Gove renting reforms counterproductive, says Frost
MICHAEL GOVE’S renting reforms are “dangerous and counterproductive”, Lord Frost has said in a broadside at the Government’s crackdown on landlords.
The Tory peer used his speech at the National Conservatism conference to attack the Housing Secretary’s package of reforms, which will remove the right to evict tenants without having to prove any fault.
Lord Frost, who last weekend launched his attempt to become an MP as he was placed on the Conservative candidate list, said it reflected a trend of growing state interference in “every activity and every choice”.
“Let’s not forget what that means,” he added. “The endless hectoring, the constant suggestion that the Government has the right to dictate how you behave… The dangerous and counterproductive intrusion into private property – as Michael Gove’s renters’ bill will do this morning [and] the seeming determination to remove risk from every aspect of daily life.”
Later in his speech, the peer joined senior Tory backbenchers including Simon Clarke and Brandon Lewis in their calls for ministers to do more to build new homes: “As Michael Gove said yesterday, there aren’t enough houses. Well, there’s only one answer to that.”
Lord Frost said those looking to get on the housing ladder and get on in life “won’t be Conservatives if we only seem concerned about looking after those who have already done well”.
He added: “We won’t win elections as the party of the self-satisfied and the entitled. We must be the party of opportunity and the party of the future.”

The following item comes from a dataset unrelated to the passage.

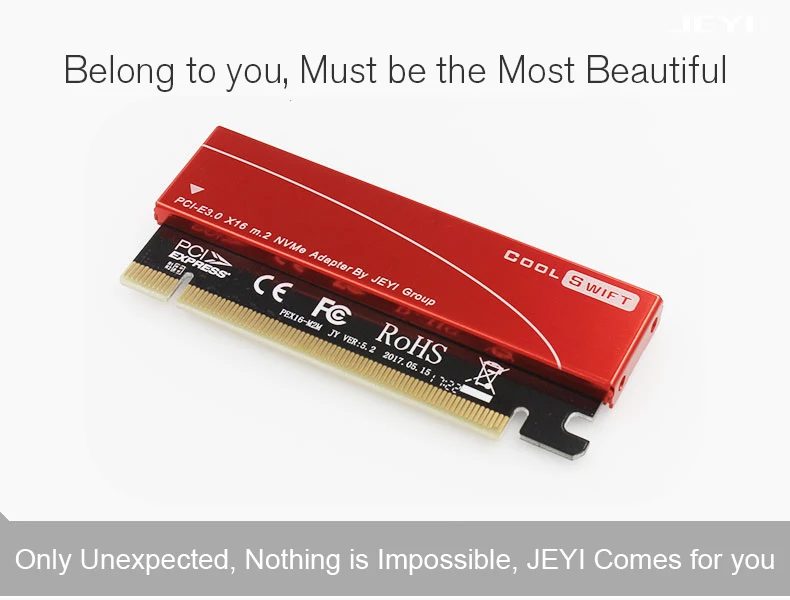 JEYI Cool Swift NVME M.2 X16 PCI-E Riser Card 2280 теплопроводность кремниевые пластины охлаждения пыленепроницаемый алюминиевый лист золотой стержень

Urging Britain to follow European countries including Germany and Hungary by “demolishing some of the monstrous buildings we built in the last 50 years and rebuilding what we have lost”, Lord Frost suggested this should be “a project for this new Carolean age”.
It came as Mr Gove faced criticism from further afield as the British Property Federation warned his reforms could prompt an increase in short-term lets. Ian Fletcher, the group’s director of policy, said: “By not prescribing a minimum tenancy length the Government further risks fuelling a booming shortlets market, where holiday lets replace much-needed permanent homes, at a time when the rental market is already suffering a significant lack of supply.”
Sir John Redwood, who was the head of Margaret Thatcher’s No10 policy unit, added: “When Parliament legislates to stop bad landlords it also needs to make sure it does not lose lots of good ones in the process.”
Mr Gove said the Government hopes to get the planned legislation through Parliament before the end of this year.